**Aim of the exercise**
Output each entry below as it stands, leaving out every picture.

-- Opening Marker --

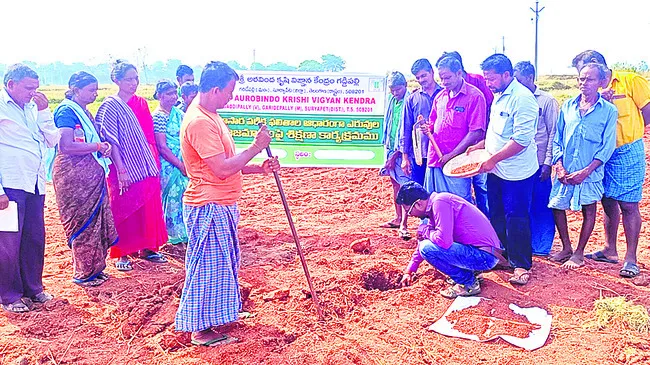 ఆరోగ్యకరమైన నేలలే భవిష్యత్తుకు పునాది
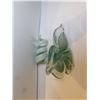 Image 4 : ART GLASS FLOWER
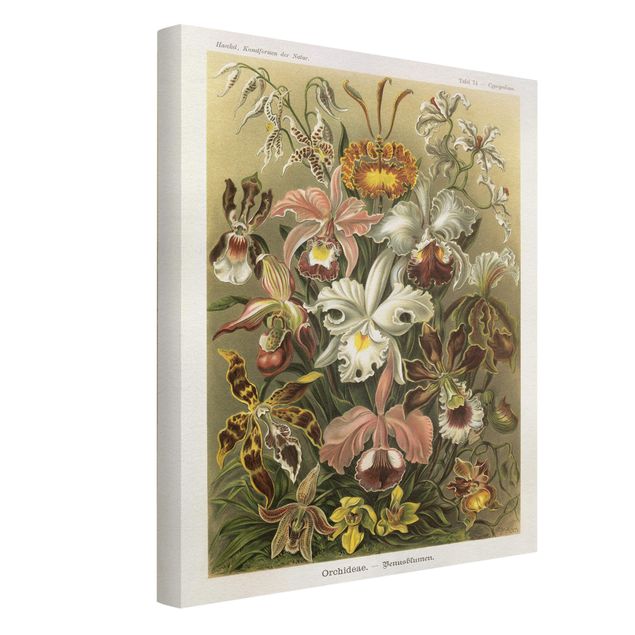 Retro Wandbilder Vintage Lehrtafel Orchidee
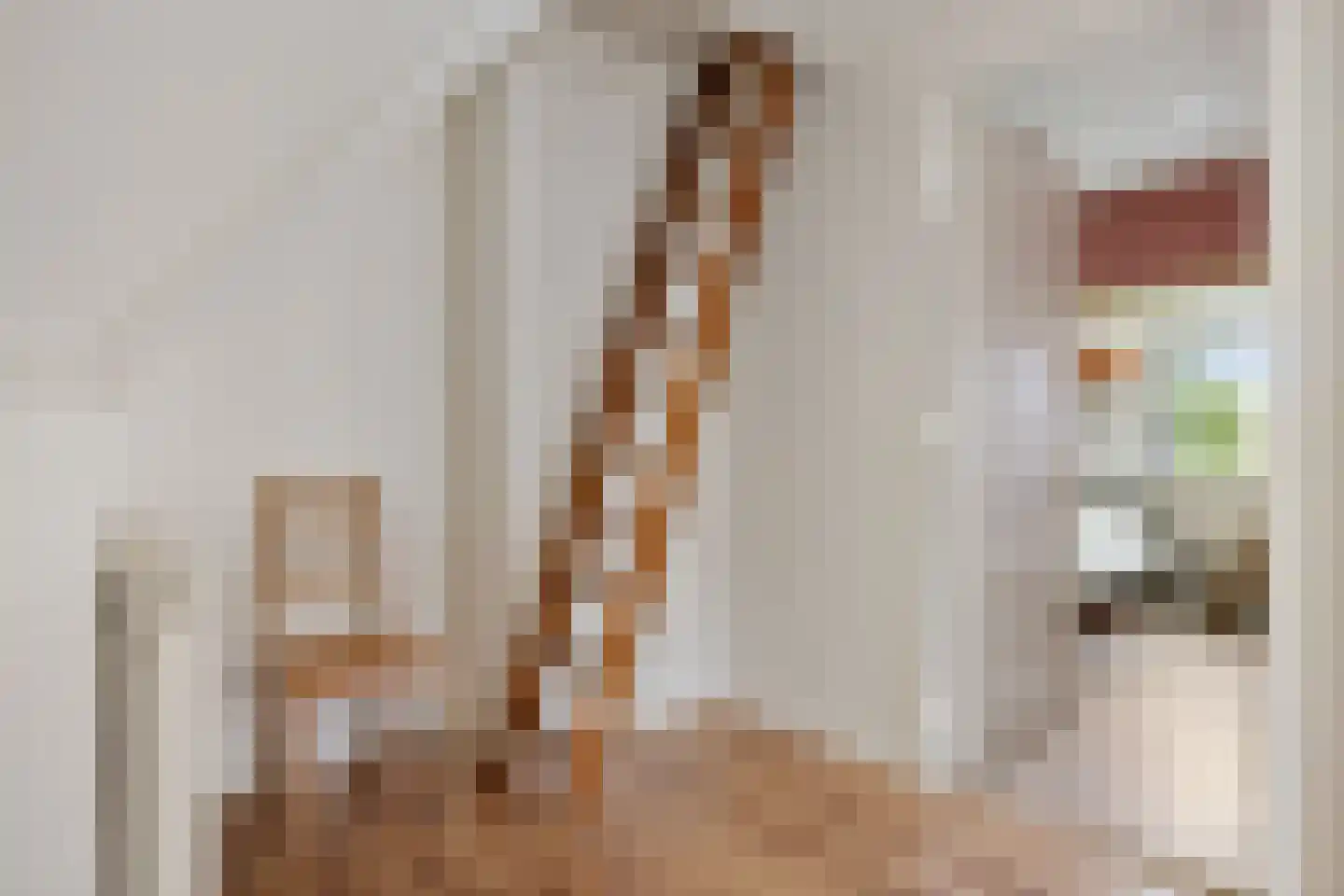 Hoofdstraat 24 Valthe thumbnail 23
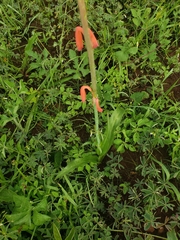 Polianthes geminiflora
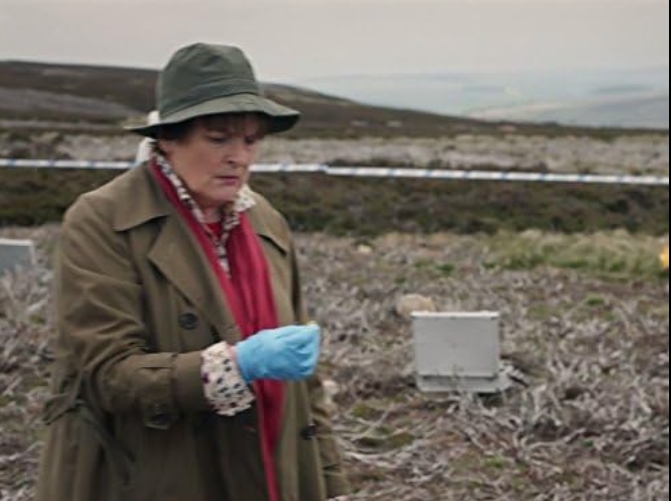 photo-Brenda Blethyn 2011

-- Closing Marker --

**Output**
 ఆరోగ్యకరమైన నేలలే భవిష్యత్తుకు పునాది
 Image 4 : ART GLASS FLOWER
 Retro Wandbilder Vintage Lehrtafel Orchidee
 Hoofdstraat 24 Valthe thumbnail 23
 Polianthes geminiflora
 photo-Brenda Blethyn 2011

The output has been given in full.